**Exercise requirements**: Transcribe, without alteration, the line that includes "this 640×480 image." and each line after it until the records end, omitting all that precede it.
(Dataset records begins)
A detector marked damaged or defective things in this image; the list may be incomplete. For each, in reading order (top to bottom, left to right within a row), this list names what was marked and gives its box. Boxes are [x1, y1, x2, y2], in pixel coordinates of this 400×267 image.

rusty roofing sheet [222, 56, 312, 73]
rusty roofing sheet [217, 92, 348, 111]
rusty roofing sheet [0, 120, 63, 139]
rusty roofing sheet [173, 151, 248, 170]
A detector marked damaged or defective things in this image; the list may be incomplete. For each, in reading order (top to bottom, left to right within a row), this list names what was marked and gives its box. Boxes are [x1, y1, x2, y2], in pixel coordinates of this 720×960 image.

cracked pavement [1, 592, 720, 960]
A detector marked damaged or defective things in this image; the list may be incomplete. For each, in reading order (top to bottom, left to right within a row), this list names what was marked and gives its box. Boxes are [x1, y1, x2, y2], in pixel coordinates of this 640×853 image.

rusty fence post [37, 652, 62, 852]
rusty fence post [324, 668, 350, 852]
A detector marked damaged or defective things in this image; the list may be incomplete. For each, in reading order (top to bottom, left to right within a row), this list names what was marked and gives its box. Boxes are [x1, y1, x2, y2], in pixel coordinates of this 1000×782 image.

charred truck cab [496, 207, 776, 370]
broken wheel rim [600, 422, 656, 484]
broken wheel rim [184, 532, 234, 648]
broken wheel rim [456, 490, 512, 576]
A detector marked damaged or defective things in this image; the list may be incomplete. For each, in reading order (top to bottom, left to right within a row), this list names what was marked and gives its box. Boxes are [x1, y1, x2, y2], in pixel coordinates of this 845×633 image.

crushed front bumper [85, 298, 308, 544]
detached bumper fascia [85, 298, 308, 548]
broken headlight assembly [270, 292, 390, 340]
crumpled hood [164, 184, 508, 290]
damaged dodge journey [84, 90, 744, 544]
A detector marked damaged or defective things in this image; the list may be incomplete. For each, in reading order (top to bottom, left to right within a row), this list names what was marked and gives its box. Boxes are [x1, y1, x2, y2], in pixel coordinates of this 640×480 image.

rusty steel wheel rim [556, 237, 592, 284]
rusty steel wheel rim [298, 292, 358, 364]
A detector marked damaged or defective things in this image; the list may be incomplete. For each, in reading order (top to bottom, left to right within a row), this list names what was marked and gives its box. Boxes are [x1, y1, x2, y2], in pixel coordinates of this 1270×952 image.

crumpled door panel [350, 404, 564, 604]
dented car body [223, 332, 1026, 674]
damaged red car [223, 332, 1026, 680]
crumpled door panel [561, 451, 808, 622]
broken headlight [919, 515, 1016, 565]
(Dataset records ends)
**Exercise result**:
A detector marked damaged or defective things in this image; the list may be incomplete. For each, in reading order (top to bottom, left to right within a row), this list names what was marked and gives its box. Boxes are [x1, y1, x2, y2], in pixel coordinates of this 640×480 image.

rusty steel wheel rim [556, 237, 592, 284]
rusty steel wheel rim [298, 292, 358, 364]
A detector marked damaged or defective things in this image; the list may be incomplete. For each, in reading order (top to bottom, left to right within a row), this list names what was marked and gives its box. Boxes are [x1, y1, x2, y2], in pixel coordinates of this 1270×952 image.

crumpled door panel [350, 404, 564, 604]
dented car body [223, 332, 1026, 674]
damaged red car [223, 332, 1026, 680]
crumpled door panel [561, 451, 808, 622]
broken headlight [919, 515, 1016, 565]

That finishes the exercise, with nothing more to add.